RECORDS PROVIDED -
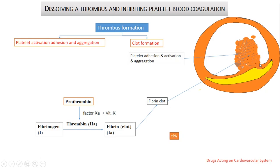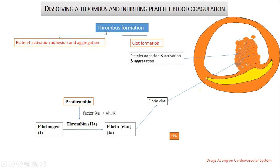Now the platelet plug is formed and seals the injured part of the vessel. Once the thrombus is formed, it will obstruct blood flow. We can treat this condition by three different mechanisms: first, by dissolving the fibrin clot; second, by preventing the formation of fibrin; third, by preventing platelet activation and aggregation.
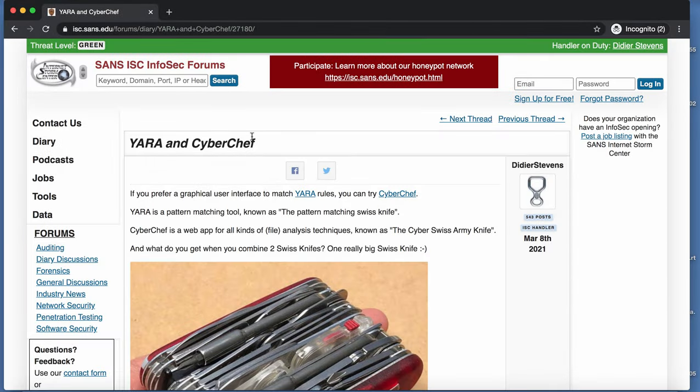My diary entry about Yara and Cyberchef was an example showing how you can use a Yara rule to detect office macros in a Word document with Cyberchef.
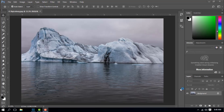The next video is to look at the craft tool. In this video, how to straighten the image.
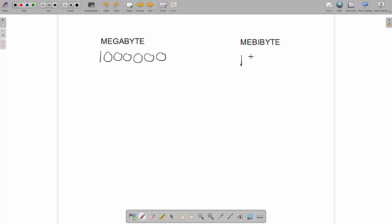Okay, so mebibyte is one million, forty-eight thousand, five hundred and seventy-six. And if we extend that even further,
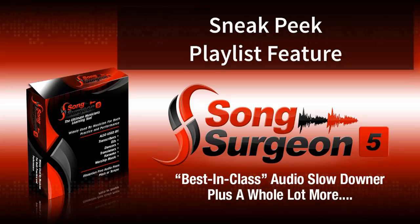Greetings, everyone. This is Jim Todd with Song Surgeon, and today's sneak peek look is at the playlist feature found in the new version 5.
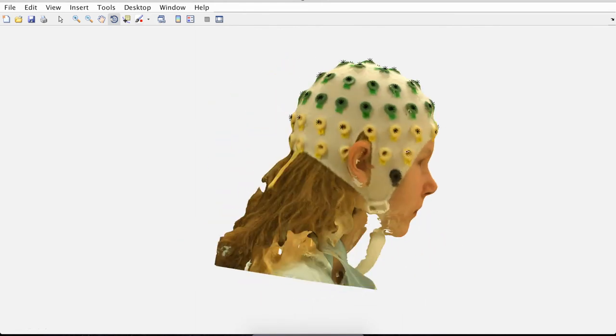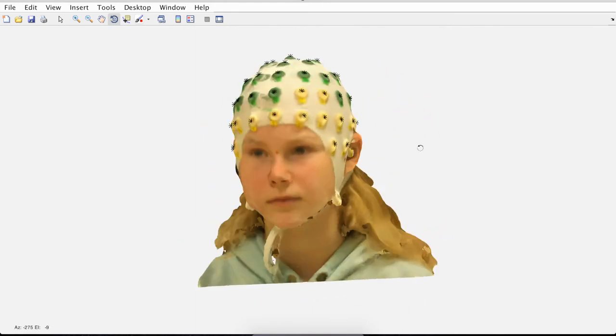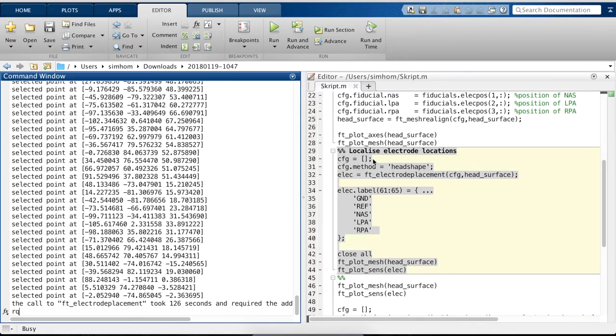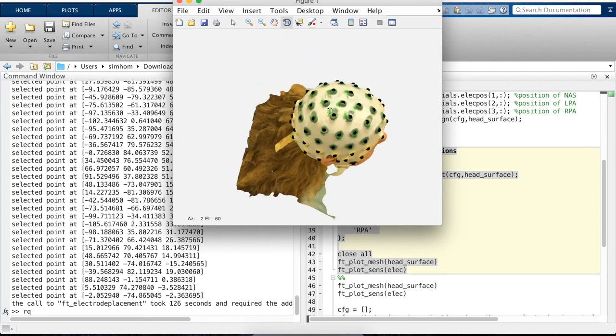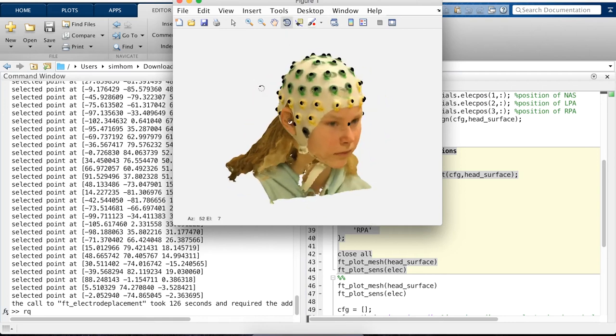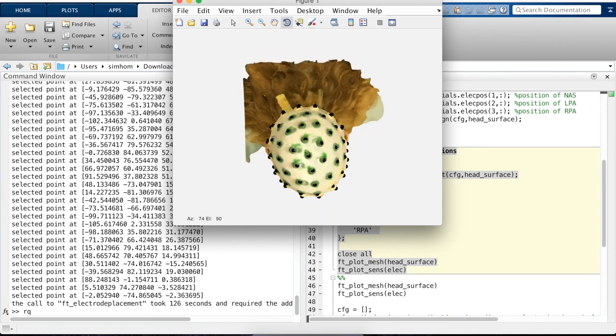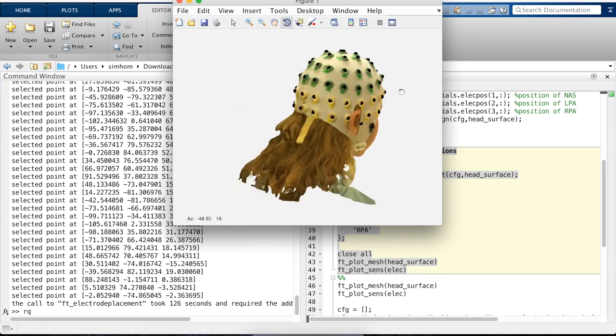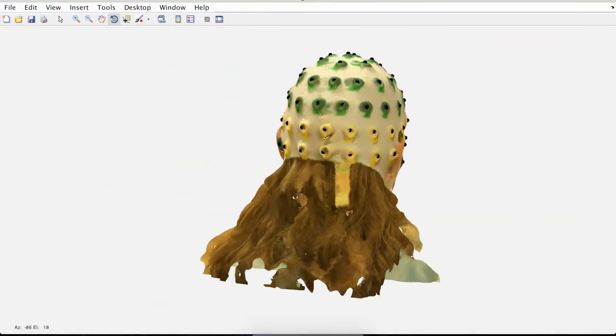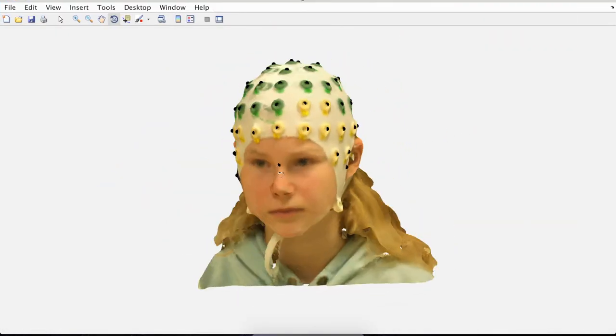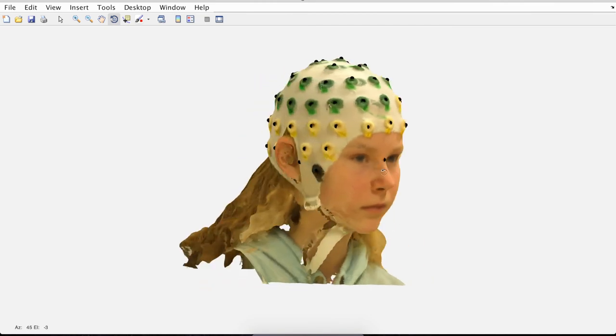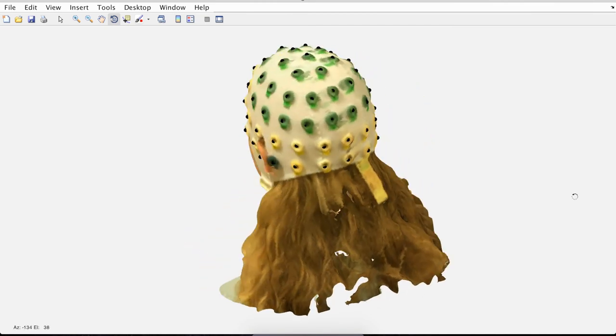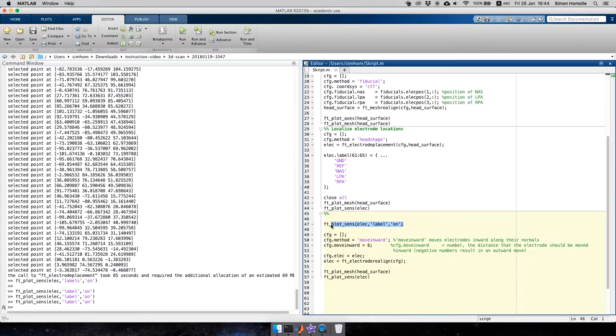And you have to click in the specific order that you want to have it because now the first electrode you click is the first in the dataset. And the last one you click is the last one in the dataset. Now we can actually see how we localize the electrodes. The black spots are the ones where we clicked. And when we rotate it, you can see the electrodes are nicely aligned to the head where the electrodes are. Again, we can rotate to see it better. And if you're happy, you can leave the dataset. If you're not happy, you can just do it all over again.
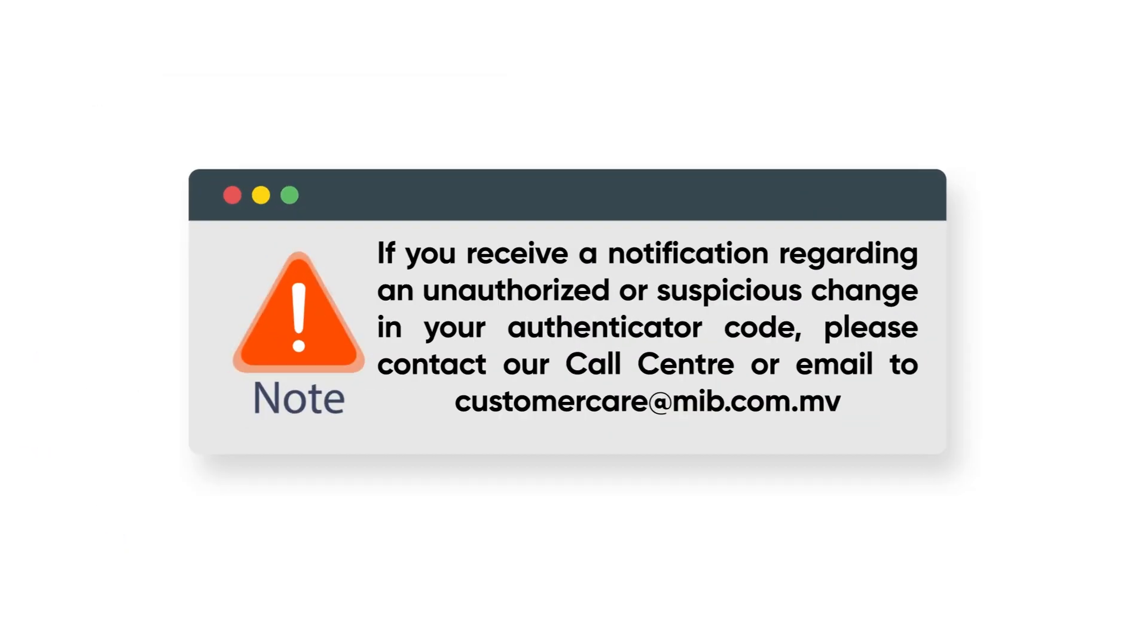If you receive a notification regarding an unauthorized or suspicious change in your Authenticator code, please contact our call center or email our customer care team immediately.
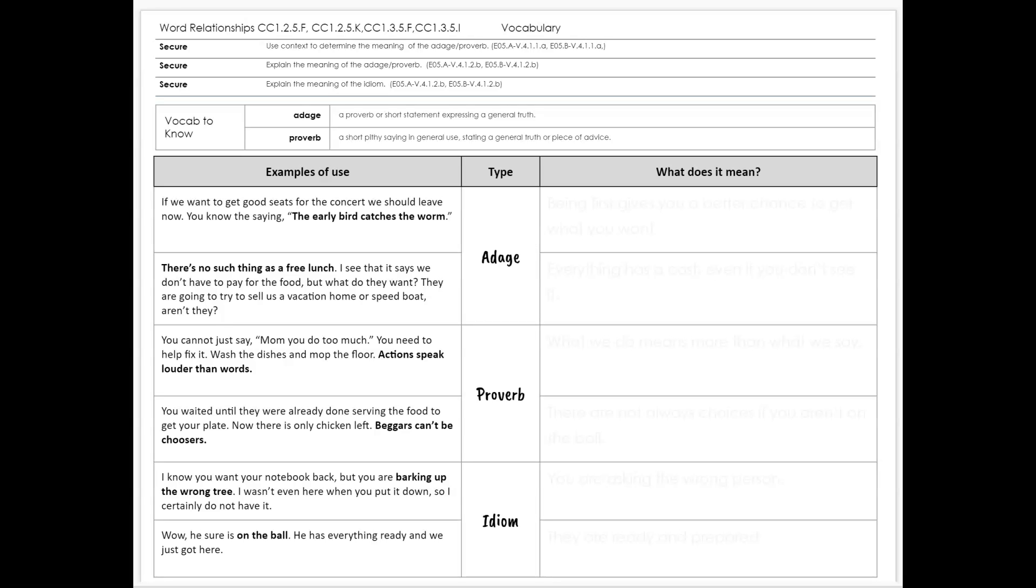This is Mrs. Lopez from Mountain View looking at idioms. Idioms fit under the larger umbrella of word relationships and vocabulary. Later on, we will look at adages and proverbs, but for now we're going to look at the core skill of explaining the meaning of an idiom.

* * *

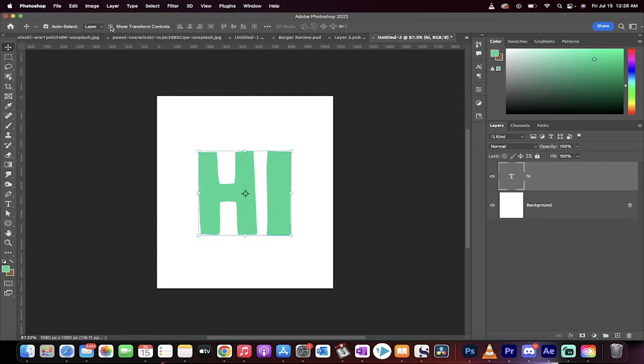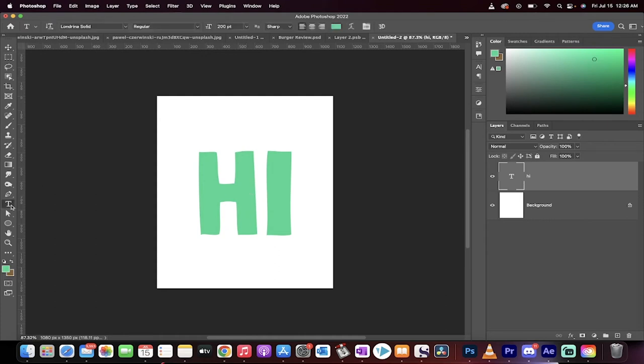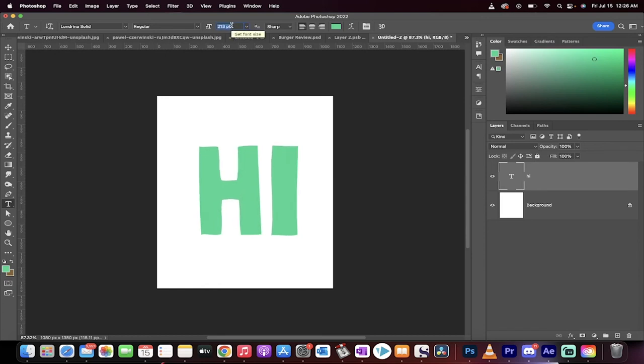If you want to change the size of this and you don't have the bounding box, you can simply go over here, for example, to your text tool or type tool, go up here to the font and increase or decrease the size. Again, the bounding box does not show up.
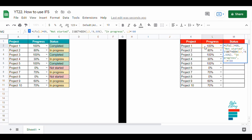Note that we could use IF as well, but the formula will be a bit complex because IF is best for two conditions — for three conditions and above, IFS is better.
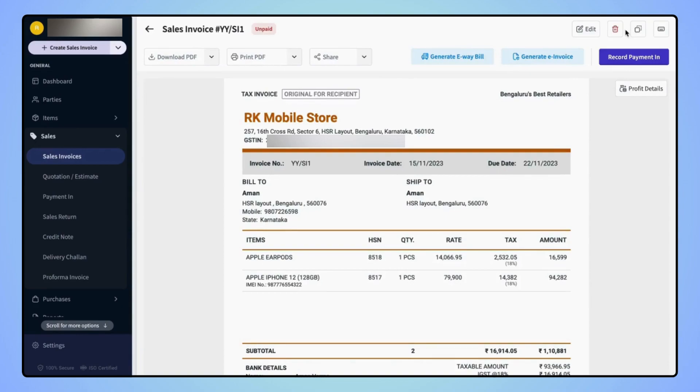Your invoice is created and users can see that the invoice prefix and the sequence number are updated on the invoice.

--

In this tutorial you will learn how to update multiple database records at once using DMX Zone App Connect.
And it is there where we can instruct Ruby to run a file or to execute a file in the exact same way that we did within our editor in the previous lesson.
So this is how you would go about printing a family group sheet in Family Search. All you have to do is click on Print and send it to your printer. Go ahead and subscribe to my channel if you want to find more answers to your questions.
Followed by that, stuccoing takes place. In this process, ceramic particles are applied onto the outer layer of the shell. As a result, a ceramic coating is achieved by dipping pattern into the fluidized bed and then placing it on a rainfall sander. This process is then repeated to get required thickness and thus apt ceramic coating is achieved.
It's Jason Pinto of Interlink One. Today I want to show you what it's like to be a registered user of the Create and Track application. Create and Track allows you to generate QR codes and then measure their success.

EXERCISE AIM - Look back over the records above. Reproduce exactly everything from the line with "If you want to change" down to the line with "Your invoice is", inclusive, and leave the pictures out.

RESPONSE BOX -
If you want to change the size of this and you don't have the bounding box, you can simply go over here, for example, to your text tool or type tool, go up here to the font and increase or decrease the size. Again, the bounding box does not show up.
Note that we could use IF as well, but the formula will be a bit complex because IF is best for two conditions — for three conditions and above, IFS is better.
Your invoice is created and users can see that the invoice prefix and the sequence number are updated on the invoice.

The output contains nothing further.